Mike,

As you write below:

"But to talk about "an economy" as if it were a thermodynamic system or a biological dissipative system is, at best, euphonious misdirection. An investment isn't energy. The laws of thermodynamics don't apply. In such a context, they're a nice metaphor for casual chat."

I'm afraid that the laws of thermodynamics apply to any system in which there's activity. If you say that they don't apply in economics in such strong terms then there's nothing more I can usefully say.

Keith


At 02:03 23/12/2010 -0400, Mike Spencer wrote:

Keith wrote (about the magic $100 bill yarn):

> It's a very clever story and dupes many people. However, it has a
> fallacy within it -- even before it's supposed to represent a
> stimulus package....It has a missing component. It may seem trivial,
> but it's not really. No-one has been eating during the whole
> episode!

I think what grabbed me about the story was the uncoupling of finance
from the real and tangible world.  Finance is a *pure* abstraction.
The/An economy is an abstraction intended to have a 1:1 correspondence
with the real world, at least in the aggregate.  But finance can wag
the dog, influence people's thoughts and behavior and make the economy
change. That's kinda the point of the yarn.


> What this means in formal terms is that a cyclic economy (that is,
> by far the most part of a normal national economy) still needs
> additional energy coming into it from outside the system to keep the
> cycle going. This is part of the law of thermodynamics -- without
> additional energy, any system gradually dissipates energy merely by
> its activity. It cannot keep going except by constant injections of
> energy.

Well, now your mixing metaphors so badly that it's hard to even parse.
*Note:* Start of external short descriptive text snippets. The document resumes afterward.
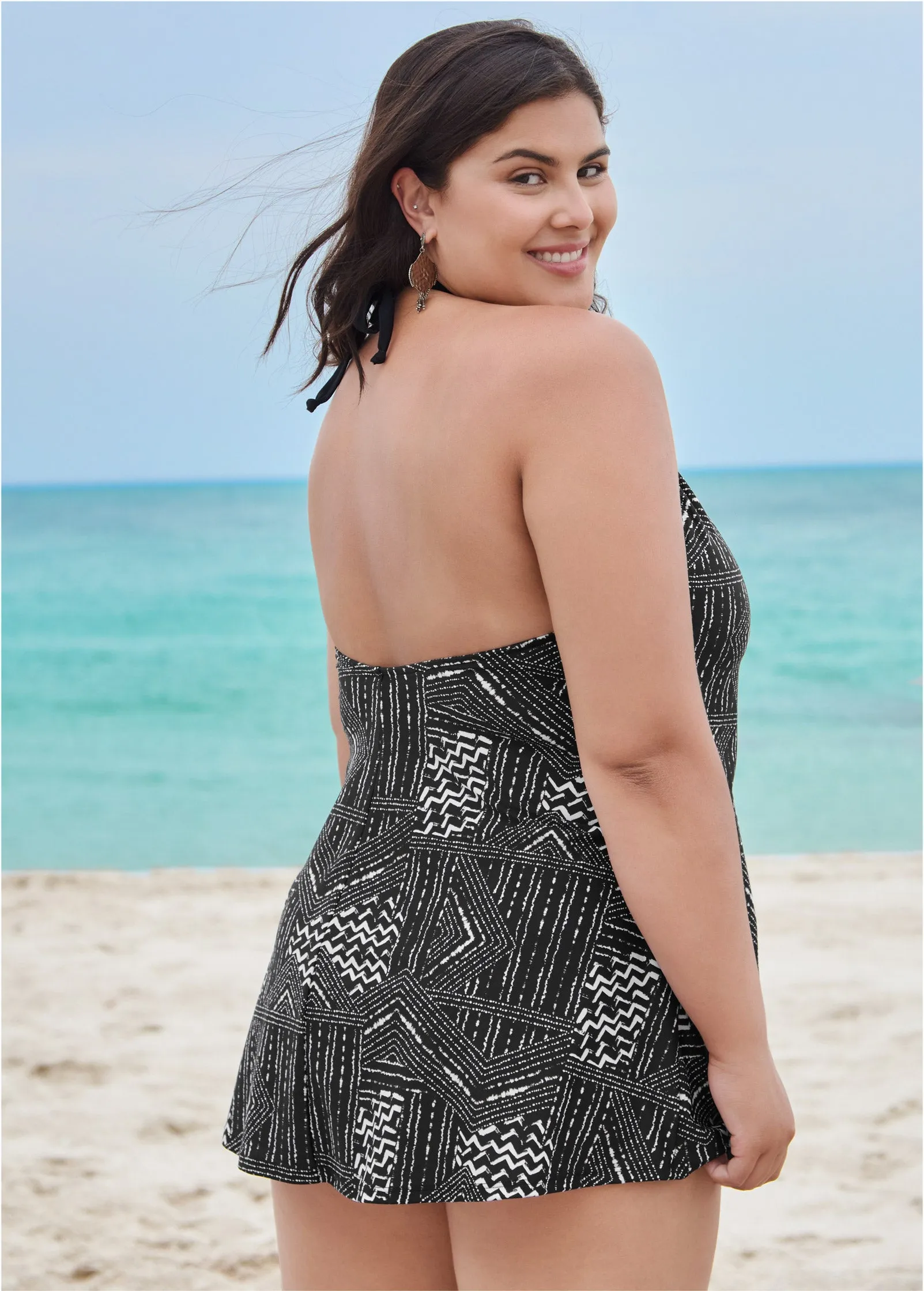 High Neck Swim Dress - Monochrome Moves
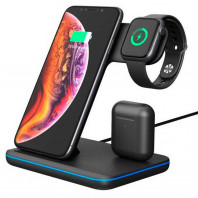 Беспроводная зарядка стенд Smart 3 in 1 Fast 15W (black)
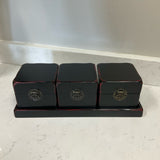 4 Piece Black & Red Decorative Box Set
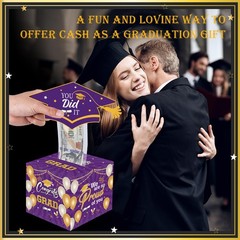 Graduation Money Box for Cash Gift Pull Purple Gold Graduation Gifts Surprise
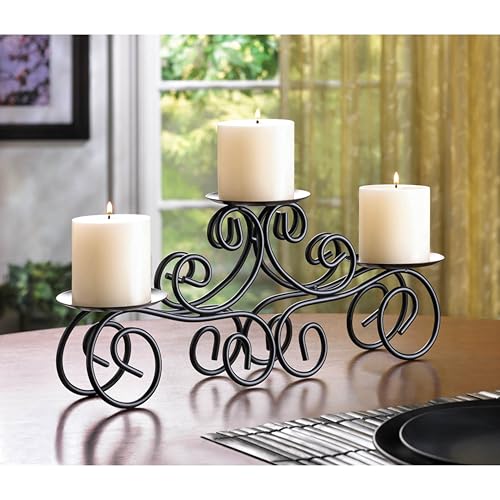 Zingz & Thingz Romantic Collection Candelabra Centerpiece Candle Holder, 17x4x7.75, Tuscan - Image 2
> As to the story exemplifying how a stimulus works (level 2), this is
> even more lacking as a model. A real stimulus in an economy means
> that it is has to be an additional input over and above the normal
> "topping up" energy required for a cyclic economy.  The additional
> input is, in formal economic terms, investment.

Ditto.

Many of the metaphors used in biz, commerce, finance, derive from
biology, physics and other hard science.  But they're metaphors.
'"...plan to grow the product line...", said CEO Joseph King.'  Plants
and animals grow but not everything that gets bigger "grows", it just
gets bigger. Moreover, even farmers don't grow things, the things just
grow and the farmer looks after the surroundings. Yet this metaphor is
universal and deeply embedded because all human culture derives from
biology where things do grow.

Growing things -- plants, animals, microbes -- do just as you say.
They're "dissipative systems" that, because of the highly evolved
chemistry of carbon, absorb energy, create ordered (thus high-energy)
constructs with less than 100% efficiency (in the numerical,
thermodynamic sense) and dissipate the "wasted" energy.  What we call
"organisms" are machines for doing this. [1]

Steam engines don't use input energy to create ordered constructs.
They do work, -- exert a force through a distance -- again with less
than 100% efficiency. The body of thermodynamic theory, AFAIK, started
with trying to explain and improve steam engines.

But to talk about "an economy" as if it were a thermodynamic system or
a biological dissipative system is, at best, euphonious misdirection.
An investment isn't energy.  The laws of thermodynamics don't apply.
In such a context, they're a nice metaphor for casual chat.  Of $100
invested in a project -- i.e. handed over to somebody or other -- some
of it will always be wasted. But that's not a law of physics.  In
order to keep the organism of a city or corporation healthy, you need
a cash flow, some of which is dissipated and only part of which ends
up as building urban liver or corporate blood.  Engaging talk but it's
metaphor, not physics, thermodynamics don't apply and we need to look
for other, less facile models to see what happens to money and how
real stuff is accomplished.

I think that the phrase "gaming the system" has emerged in my
lifetime, possibly in the lqast 20 years.  The thing it describes has
been around, approximately, forever.  And as far as I can see, the
practice of finance consists mostly of devising strategies to
do that.  You learn the rules, you learn how things actually work
given the rules, you establish yourself (your company, your fund or bank)
as someone who can and does operate under the rules.  Then you analyze
both the rules and how things are done under the rules in order to
end-run the rules, outsmart the other players, locate the system's
weaknesses, and so on.  That's where the big killings, the windfalls,
the gushing revenue streams lie.  Getting people into houses they own
or corporations emitting product is just making license plates, the
hohum base of operations upon which the real game is played.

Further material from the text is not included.